Not saying this in a atheist tone, but maybe the bees gave you the answer.


----------



## Rusty Hills Farm (Mar 24, 2010)

rwlaw said:


> Not saying this in a atheist tone, but maybe the bees gave you the answer.


x2

Rusty


----------



## DaisyNJ (Aug 3, 2015)

rwlaw said:


> Not saying this in a atheist tone, but maybe the bees gave you the answer.


How about we meet in the middle and call it "Bee Gods gave the answer" or "God's Bees gave the answer"  

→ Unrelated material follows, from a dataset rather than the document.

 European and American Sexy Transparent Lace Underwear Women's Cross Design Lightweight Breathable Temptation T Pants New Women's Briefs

OP, congratulations and enjoy. Nature is beautiful.


----------



## BuckeyeBeek (Apr 16, 2013)

Tim Bailey said:


> Funny story. I was having a conversation with god, while I was cleaning up my yard.
> I told him I wasn't sure if I would be ready to raise bees again this year.
> I was working in the backyard.
> I walked around the side of the house to the front yard, and found a nice swarm of honey bees in the pine tree in front of the house.
> ...


Amen Tim, thanks for sharing that.


----------



## Brad Bee (Apr 15, 2013)

Tim Bailey said:


> Funny story. I was having a conversation with god, while I was cleaning up my yard.
> I told him I wasn't sure if I would be ready to raise bees again this year.
> I was working in the backyard.
> I walked around the side of the house to the front yard, and found a nice swarm of honey bees in the pine tree in front of the house.
> ...


Cool, thanks for sharing.


----------



## jwcarlson (Feb 14, 2014)

rwlaw said:


> Not saying this in a atheist tone, but maybe the bees gave you the answer.

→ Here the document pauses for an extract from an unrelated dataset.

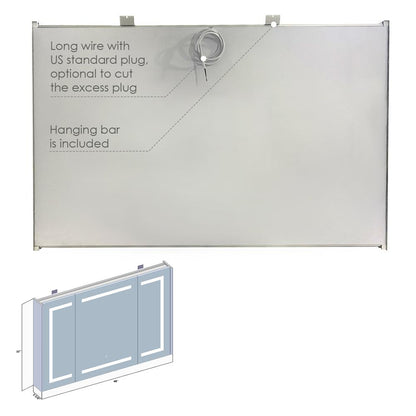 Frameless Surface-Mount/Recessed LED Lighted Bathroom Medicine Cabinet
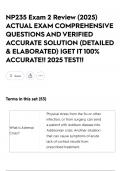 NP235 Exam 2 Review &lpar;2025&rpar; ACTUAL EXAM COMPREHENSIVE QUESTIONS AND VERIFIED ACCURATE SOLUTION &lpar;DETAILED & ELABORATED&rpar; &vert;GET IT 100&percnt; ACCURATE&excl;&excl; 2025 TEST&excl;&excl;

My first thought was "Why would God care who keeps bees?"

Neat that a swarm showed up, though!


----------



## Scpossum (May 4, 2014)

I would say my answer is: God answered you through the bees. Same way He speaks of His existence through nature. :applause:


----------



## Treehopper (Dec 9, 2012)

I'm feeling left behind...I've never even seen a swarm in person. Yet.


----------



## Oldtimer (Jul 4, 2010)

Wonderful story, and must have also been a wonderful experience Tim.


----------



## dtrooster (Apr 4, 2016)

God , the bees or old fashioned karma you got your answer. Good luck and God bless


----------



## jwcarlson (Feb 14, 2014)

Treehopper said:


> I'm feeling left behind...I've never even seen a swarm in person. Yet.

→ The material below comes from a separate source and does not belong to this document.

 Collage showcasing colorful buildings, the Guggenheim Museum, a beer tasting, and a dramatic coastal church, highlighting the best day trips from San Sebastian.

Ask God. Maybe he'll send ya one.


----------



## B Steve B (Jun 4, 2015)

Tim Bailey said:


> Funny story. I was having a conversation with god, while I was cleaning up my yard.
> I told him I wasn't sure if I would be ready to raise bees again this year.
> I was working in the backyard.
> I walked around the side of the house to the front yard, and found a nice swarm of honey bees in the pine tree in front of the house.
> ...


I guess you know what to do now. 



jwcarlson said:


> My first thought was "Why would God care who keeps bees?"


Maybe because someone asked?


----------



## Mr.Beeman (May 19, 2012)

Regardless of what/who gave you your answer, you got it. Now, enjoy the addiction.


----------



## Outdoor N8 (Aug 7, 2015)

Tim Bailey said:


> BTW: God gave me my answer.


Yes, No and Not now. This one was Yes, oh joy!


----------



## BuckeyeBeek (Apr 16, 2013)

It was probably just a "godincidence"


----------



## kaeckman (Mar 22, 2013)

That's fantastic!


----------



## Steve in Ga. (May 23, 2016)

Congrats, I think that Mr. Bailey got it right in the first post.


----------



## Northwest PA Beekeeper (Mar 28, 2012)

Regardless of anyone's religious opinion, Mr. Bailey was meant to get back into beekeeping.

I always say "Everything happens for a reason."


----------



## richr58 (Jul 23, 2014)

Mr Bailey thanks for sharing. God was gracious to you. Ain't that great. Enjoy


----------



## jdmidwest (Jul 9, 2012)

God just got you out of cleaning up the yard for a while, even better.

I really hate a yard, pure waste of good time having to mow grass that does not produce anything of value. Gardens make food. Yards are just work.


----------